The Carolinian

Publication date: 1924


We see quickly that Part I takes place in June 1775.  The year is determined by Tom Izard's reference in Chapter 1.I to the "fight at Lexington last April"; this of course was the Battle of Lexington and Concord on April 19.  Latimer's visit to Lord William in Chapter 1.III takes place "on a certain Tuesday morning in June", and the ball at Brewton's is several times placed on Thursday night, confirming the month and the days of the week.  We need only determine which week in June contains these events.

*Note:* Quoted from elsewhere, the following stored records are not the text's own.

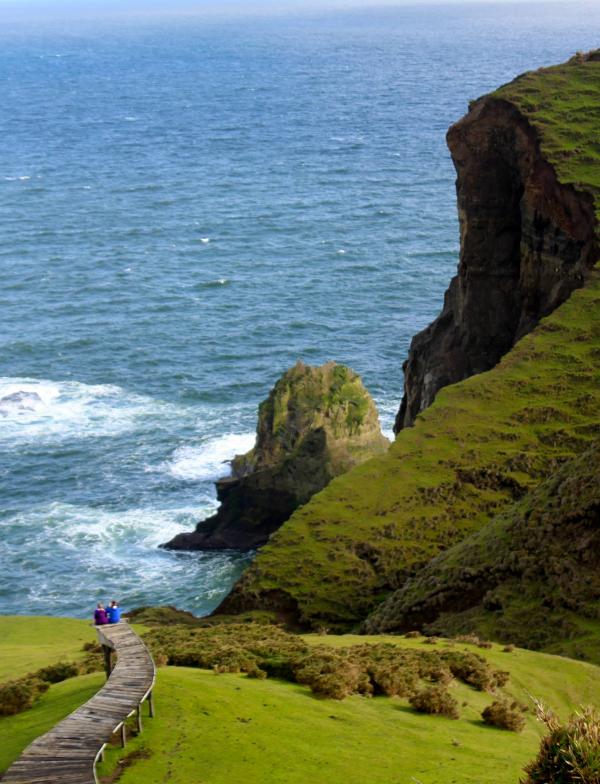 Two students sit in the distance at the end of a boardwalk on the cliffs of Chiloé overlooking the ocean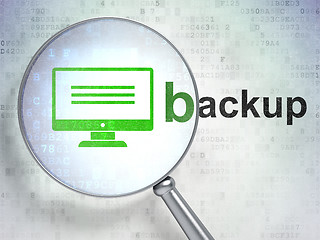 Image showing Software concept: Monitor and Backup with optical glass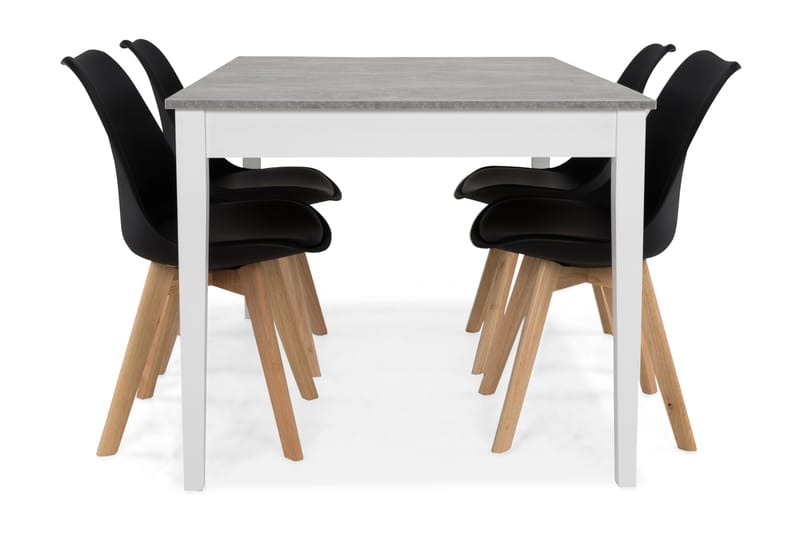Matgrupp Montague 140 cm med 4 Stil Stol - Betonglook|Vit|Svart|Trä - Möbler - Bord & matgrupp - Matgrupp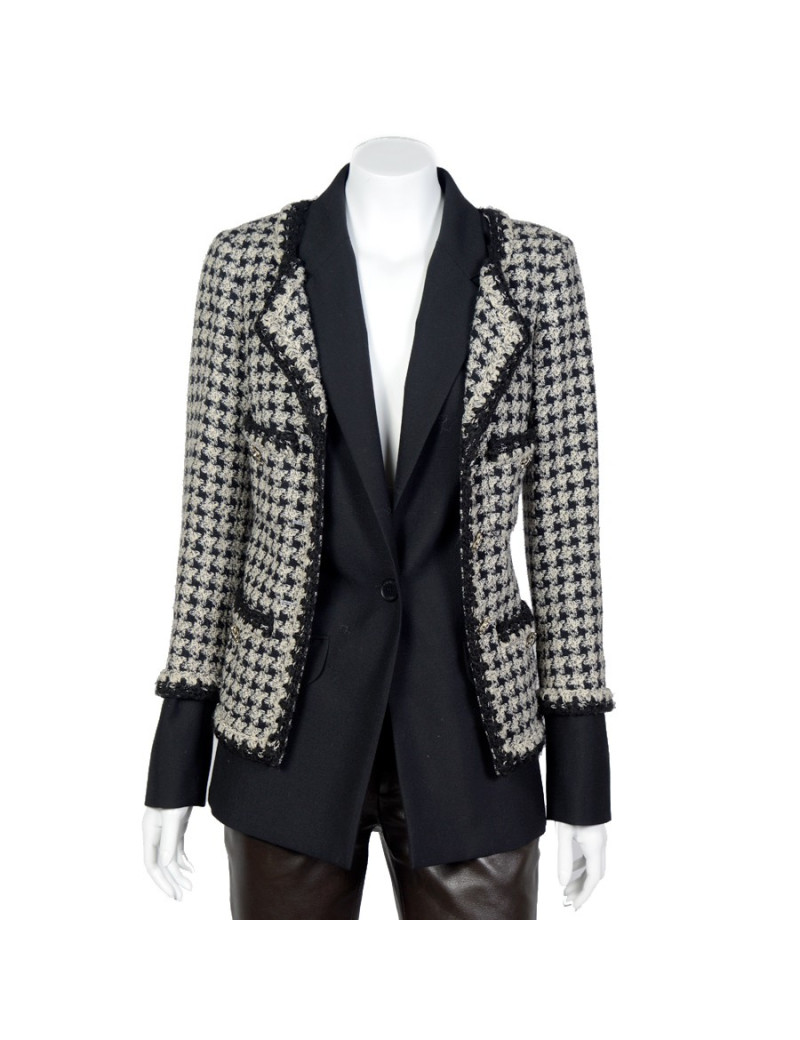 Veste "Hybride" T40 CHANEL pied de poule noir et blanc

The clue to the answer does not appear until the second paragraph of Part II:  the news of the Battle of Bunker Hill arrives in Charles Town via express riders "within a few hours of [Latimer's] setting out" that Thursday night.  Bunker Hill was fought on Saturday June 17.  If Brewton's ball was on Thursday the 22nd, the news took only five days to travel from Massachusetts to South Carolina, which is impossibly fast.  (Indeed, even twelve days is pushing it, and news from Boston would more typically have arrived by ship.  For example, word of the ``fight at Lexington" on April 19 was first brought to Charles Town by the brigantine Industry on May 8, some nineteen days later.)

Hence the ball was Thursday the 29th, and we can work backward to date precisely each event in Part I.  In particular, we note that in Chapter 1.II Latimer wakens Moultrie on a Monday morning (the day before disguising himself as Dick Williams) and states that the letter from Tom Izard reached him "three days ago", establishing Friday the 23rd as the novel's opening day.

The events of the climax are easily dated since they closely track Prevost's siege of Charles Town on May 11–13, 1779.